▸ RECORDED DATA:
——————————

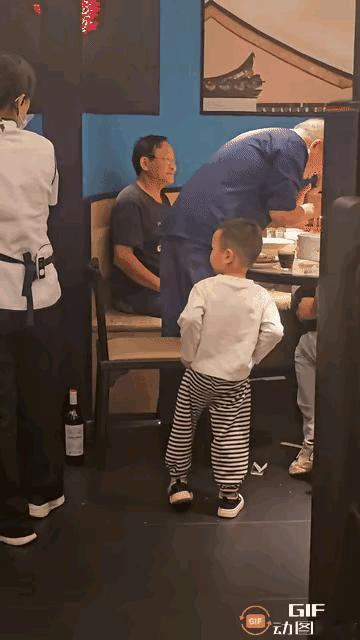 老人过生日，陌生小孩要蛋糕🍰～～～
慷慨送一块🍰，人类感情温馨时～～～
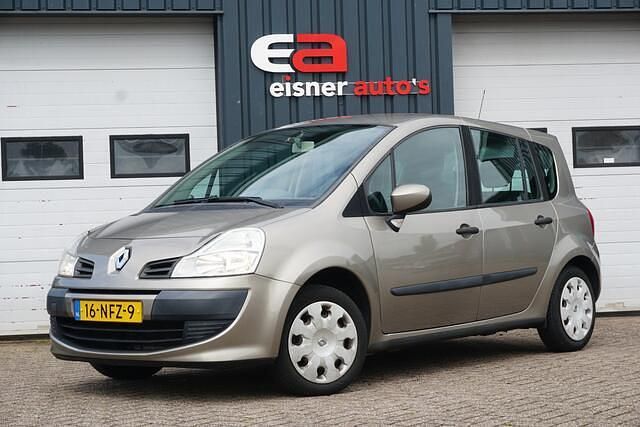 Grijs Gebruikt 2010 Renault Grand Modus Expression MPV | € 2.949 (Eerlijke prijs) - Afbeelding 1/4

——————————

▸ EXERCISE DESCRIPTION: Using the listing above, copy every line from the line containing "慷慨送一块🍰，人类感情温馨时～～～" through the last one, both included, and no other lines. Pictures stay out.

▸ OUTPUT FOR THIS TASK:
慷慨送一块🍰，人类感情温馨时～～～
 Grijs Gebruikt 2010 Renault Grand Modus Expression MPV | € 2.949 (Eerlijke prijs) - Afbeelding 1/4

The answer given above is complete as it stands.